Oral history legend has it that - in its derelict state – the speedway was a favourite haunt for snakes to “sun” themselves during the winter months, earning somewhat of a nickname as “the snake pit” before the redevelopment as a housing estate.

At the end of WWII, more housing was needed to accommodate a booming post-war population. Many of the young families taking up residence in this housing estate would have been returned servicemen, with their young and growing families. 

The blueprint for the Maroubra housing subdivision, “Housing Scheme at Maroubra Speedway” c 1947, Courtesy: Randwick City Library 

The blueprint for the design of the “Maroubra Speedway” government housing development, shows an ambitious plan with curved street designs and offset housing. At the conclusion of the war, Australian society was conscious of the sacrifice that so many made in the war effort. Across Australia, many landmarks, parks, streets and suburbs were renamed in honour of personalities and battles fought during the Second World War.

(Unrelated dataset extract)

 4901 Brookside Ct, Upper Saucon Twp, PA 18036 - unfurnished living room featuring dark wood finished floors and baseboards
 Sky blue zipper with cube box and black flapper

Coral Sea Park honours the Battle of the Coral Sea , a joint American-Australian air and sea battle that became a pivotal turning point in the Pacific campaign. The battle raged for several days 4–8 May 1942.  It is considered the first time that the advancing Japanese military forces were halted . The Battle of the Coral Sea was the first action in which aircraft carriers engaged each other, as well as the first in which neither side's ships sighted or fired directly upon the other.  It was followed closely by the Battle of Midway and the Battle of Guadalcanal, codenamed Operation Watchtower, also key battles in the war.

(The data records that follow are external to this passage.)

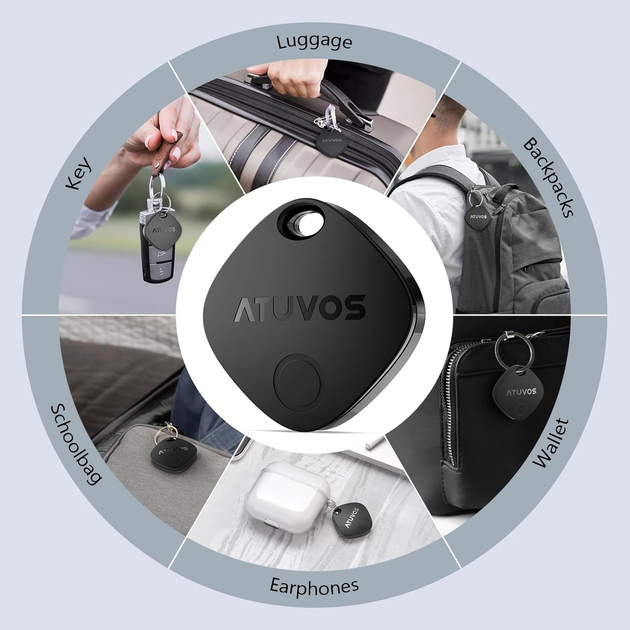Bluetooth-трекер ATUVOS Air Tracker Tag PRO 4 шт., Apple Find My / Google Find Hub, IP67, CR2032, iOS/Android - Фото 8 Bluetooth-трекер ATUVOS Air Tracker Tag PRO 4 шт., Apple Find My / Google Find Hub, IP67, CR2032, iOS/Android - изображение 8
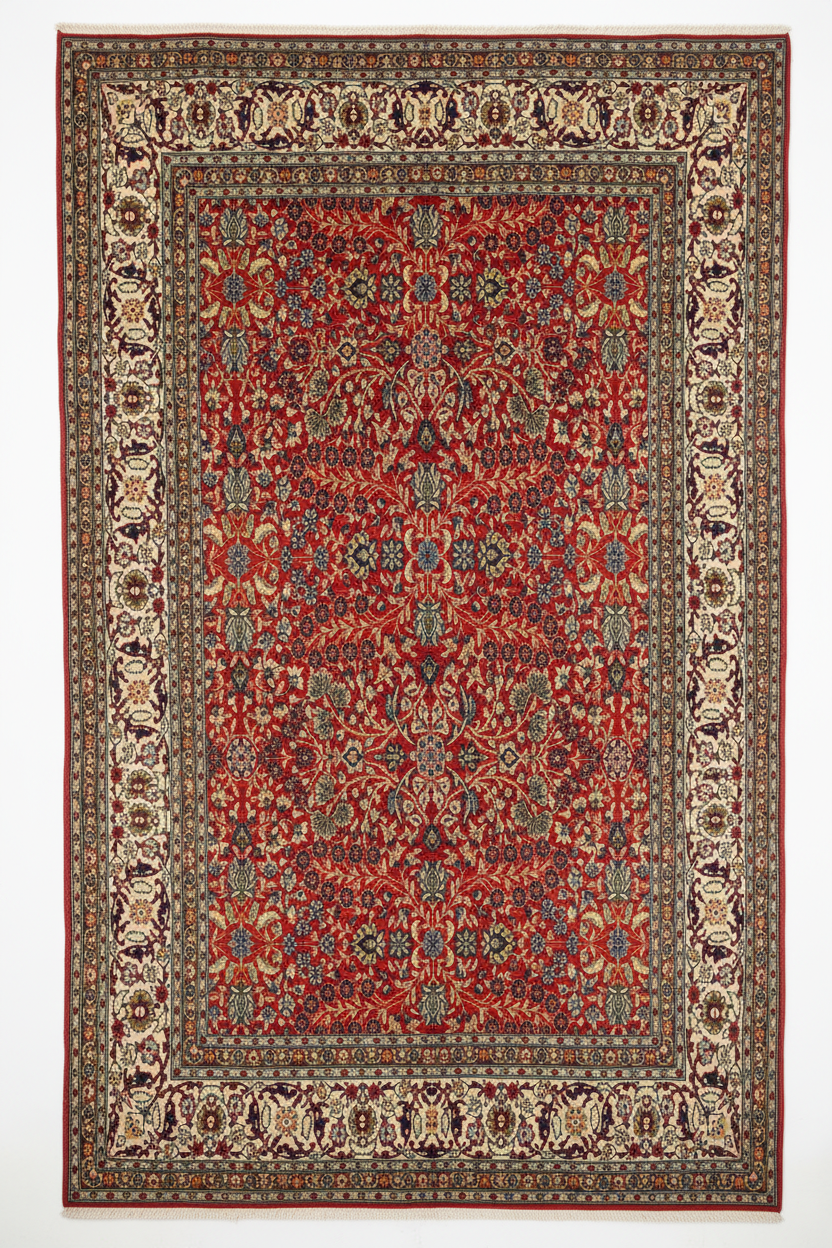Red Hereke Rug Close-up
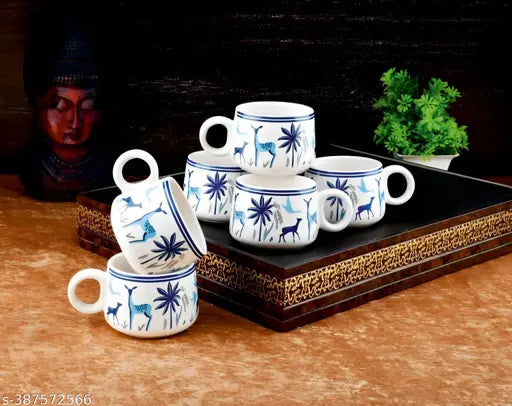 Kraphy Jaipuri Design Tea Coffee Mug Set of 6 Ceramic Mugs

Although a tactical victory for the Japanese in terms of ships sunk, the battle would prove to be a strategic victory for the Allies for several reasons. The battle marked the first time since the start of the war that a major Japanese advance had been checked by the Allies. More importantly, the Japanese fleet carriers Shōkaku and Zuikaku – one damaged and the other with a depleted aircraft complement – were unable to participate in the Battle of Midway, which took place the following month, ensuring a rough parity in aircraft between the two adversaries and contributing significantly to the US victory in that battle. The severe losses in carriers at Midway prevented the Japanese from reattempting to invade Port Moresby from the ocean. Two months later, the Allies took advantage of Japan's resulting strategic vulnerability in the South Pacific and launched the Guadalcanal Campaign that, along with the New Guinea Campaign, eventually broke Japanese defences in the South Pacific and was a significant contributing factor to Japan's ultimate defeat in World War II. (Wikipedia article on the Battle of the Coral Sea)

Coral Sea Park, Maroubra 

Many of the streets in the housing estate on the old Maroubra Speedway site are named after American ships that participated in the Battle of the Coral Sea. New Orleans Crescent, Yorktown Parade and Astoria Circuit to name a few. Coral Sea Park was officially dedicated at the special ceremony in involving visiting naval dignitaries, state government politicians and Randwick Council officials, 6 May 1960 . The war memorial unveiled at this ceremony has since been relocated with other memorials in the middle of Anzac Parade at Maroubra, close to the Maroubra RSL.

In 2017 Randwick Council marked the 75th anniversary of the Battle of the Coral Sea by installing special commemorative street signs in nearby streets named after US battle ships.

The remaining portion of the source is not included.